Collective modes of Fermi superfluid containing vortices along the BEC-BCS crossover

TL;DR

This paper investigates the low-energy collective excitations of a rotating Fermi superfluid with vortices across the BEC-BCS crossover using hydrodynamic theory, revealing how rotation influences mode frequencies and Landau level occupation.

Contribution

It provides a comprehensive calculation of the transverse excitation spectrum across the BEC-BCS crossover, highlighting the effects of rotation and vortex lattices on collective modes.

Findings

In the fast rotation limit, the molecular BEC reaches the lowest Landau level.

At unitarity and BCS regimes, multiple Landau levels are occupied.
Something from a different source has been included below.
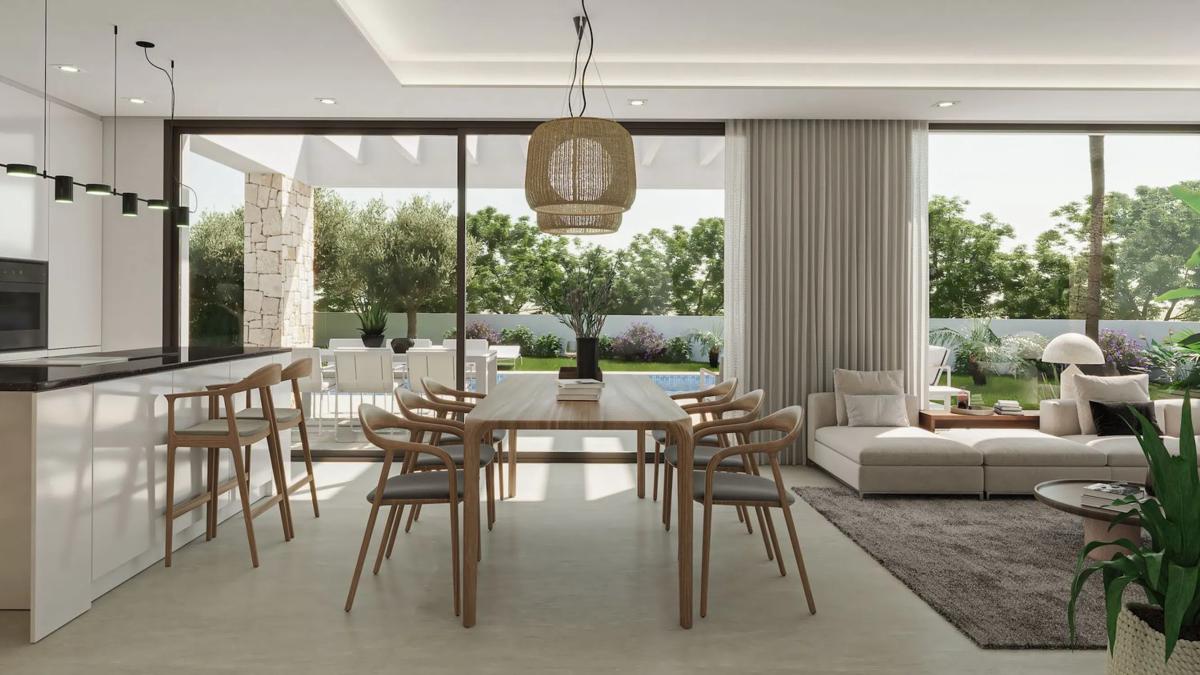 Venta de chalet independiente en Calle Alborcer, 5, Denia
photo 5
The breathing mode frequency difference diminishes near the trap frequency with increasing rotation.

Abstract

Using the coarse-grain averaged hydrodynamic approach, we calculate all low energy transverse excitation spectrum of a rotating Fermi superfluid containing vortex lattices for all regimes along the BEC-BCS crossover. In the fast rotating regime, the molecular BEC enters into the lowest Landau level, but the superfluid in the unitarity and the BCS regimes occupies many low-lying Landau levels. The difference between the breathing mode frequencies at the BEC and unitarity limit shrinks to zero as the rotation speed approaches the radial trap frequency, in contrast to the finite difference in the non-rotating systems.